- [Try it] Could you restate every entry word for word, leaving the pictures out?

- [Records supplied]
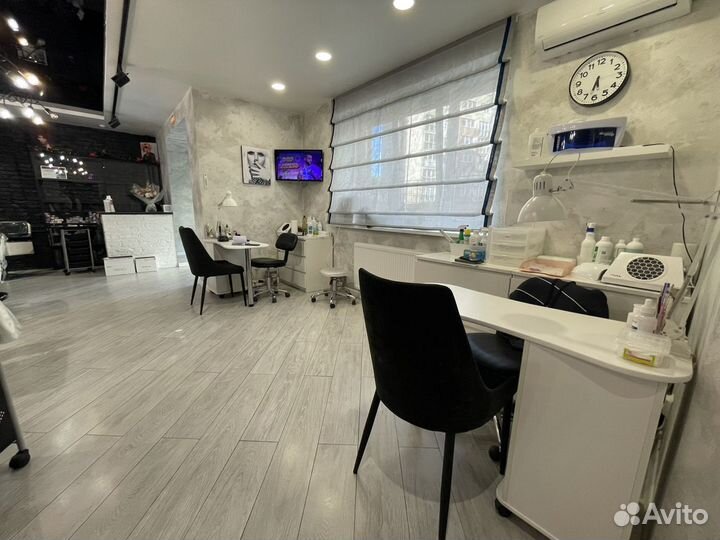 Аренда места мастера по маникюру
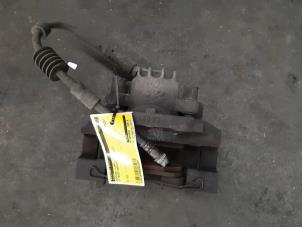 Used Front brake calliperholder, left Citroen Berlingo 1.6 VTi 95 16V Price on request offered by Autohandel Didier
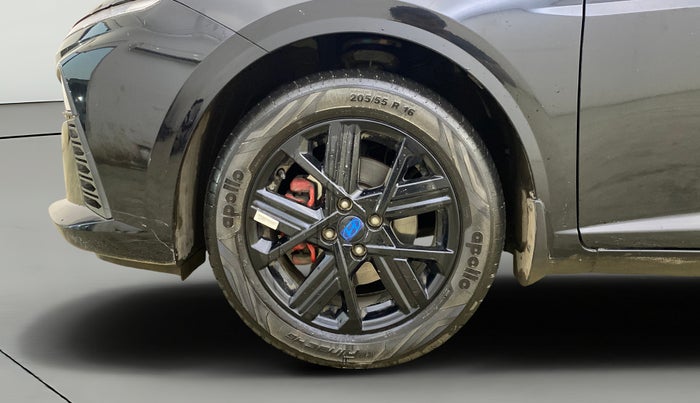 2023 Hyundai Verna SX (O) 1.5 TURBO PETROL DCT, Petrol, Automatic, 26,541 km, Left Front Wheel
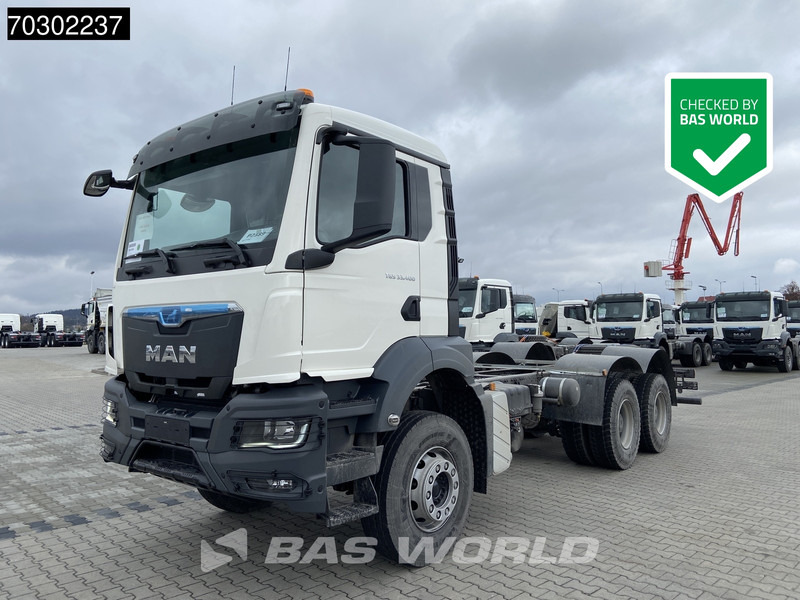 MAN TGS 33.400 6X4 NEW 6x4 chassis Big-Axle Manual Airco EURO 2 - Camion şasiu: Foto 1 MAN TGS 33.400 6X4 NEW 6x4 chassis Big-Axle Manual Airco EURO 2 - Camion şasiu: Foto 1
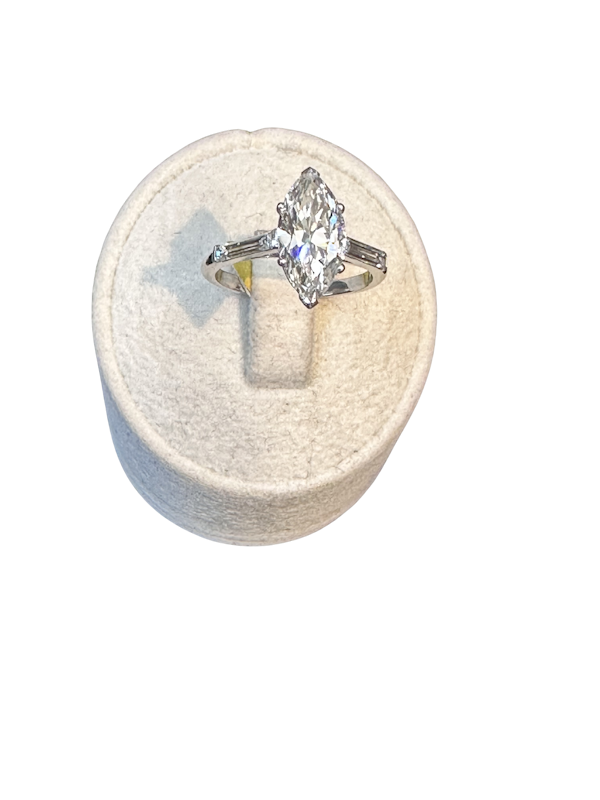 Marquise diamond ring - image 1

- [Response area]
 Аренда места мастера по маникюру
 Used Front brake calliperholder, left Citroen Berlingo 1.6 VTi 95 16V Price on request offered by Autohandel Didier
 2023 Hyundai Verna SX (O) 1.5 TURBO PETROL DCT, Petrol, Automatic, 26,541 km, Left Front Wheel
 MAN TGS 33.400 6X4 NEW 6x4 chassis Big-Axle Manual Airco EURO 2 - Camion şasiu: Foto 1 MAN TGS 33.400 6X4 NEW 6x4 chassis Big-Axle Manual Airco EURO 2 - Camion şasiu: Foto 1
 Marquise diamond ring - image 1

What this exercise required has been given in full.